## Problem to solve:
From the first line to the last, restate the material word for word, omitting pictures.

## Source data:
┄┄┄┄┄┄┄┄┄┄

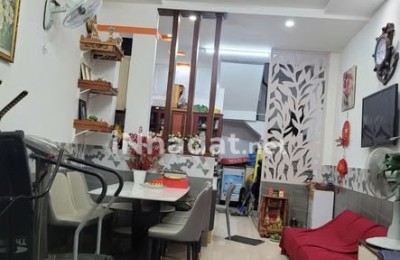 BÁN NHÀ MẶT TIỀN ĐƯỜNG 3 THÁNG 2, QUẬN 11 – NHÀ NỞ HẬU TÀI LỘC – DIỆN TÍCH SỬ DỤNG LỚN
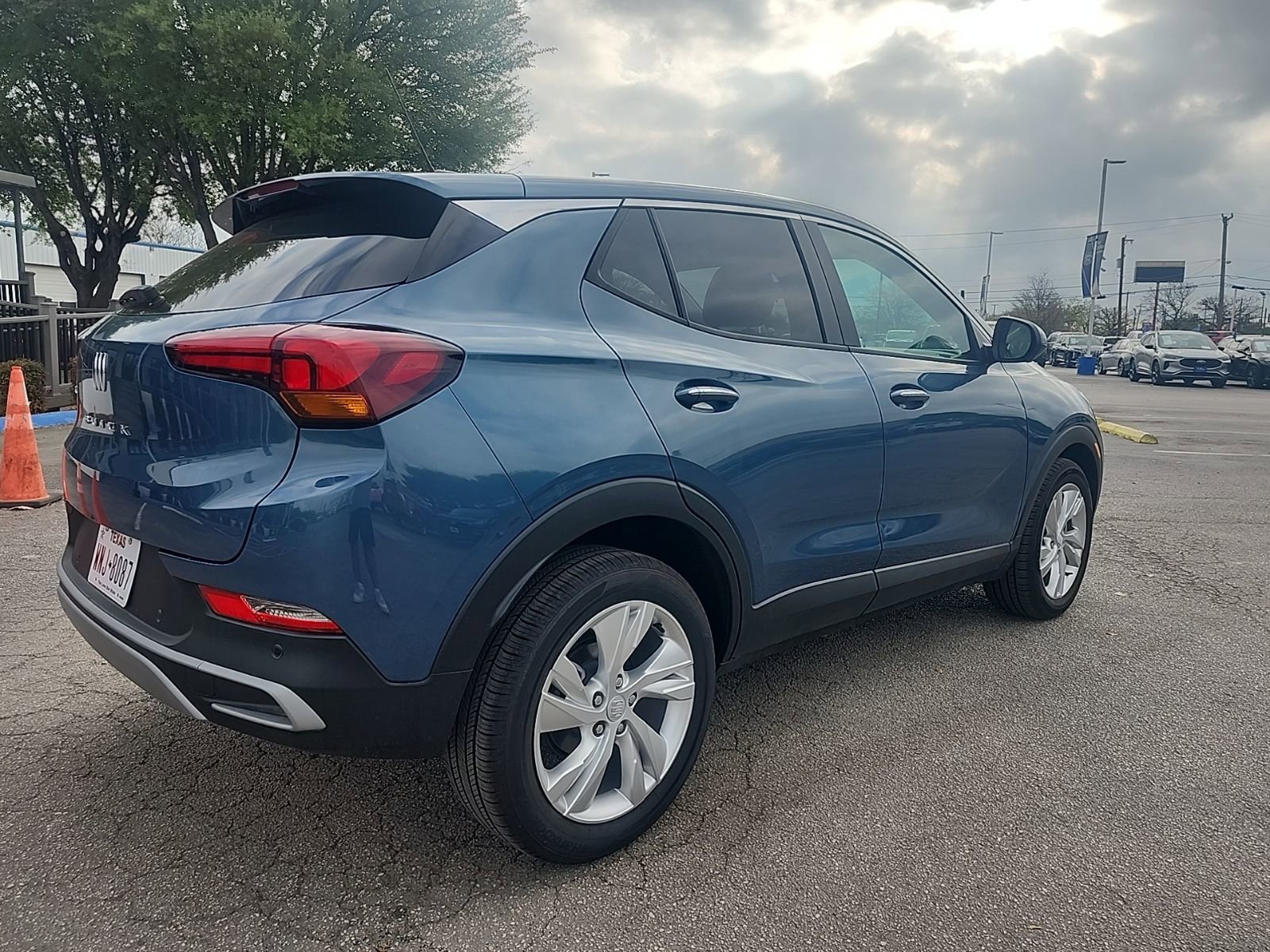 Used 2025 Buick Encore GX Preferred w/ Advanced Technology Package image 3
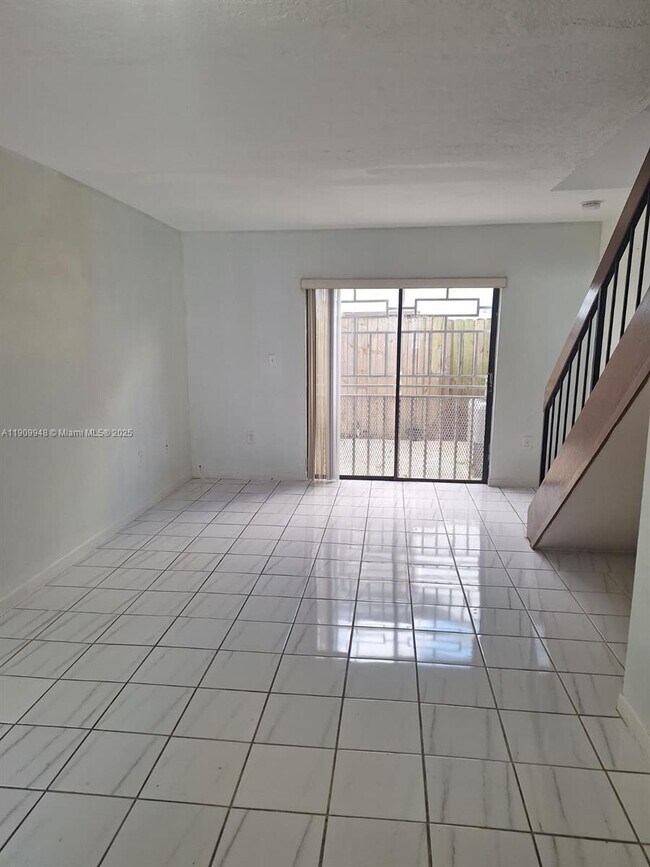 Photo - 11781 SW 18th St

┄┄┄┄┄┄┄┄┄┄

## Solution below:
 BÁN NHÀ MẶT TIỀN ĐƯỜNG 3 THÁNG 2, QUẬN 11 – NHÀ NỞ HẬU TÀI LỘC – DIỆN TÍCH SỬ DỤNG LỚN
 Used 2025 Buick Encore GX Preferred w/ Advanced Technology Package image 3
 Photo - 11781 SW 18th St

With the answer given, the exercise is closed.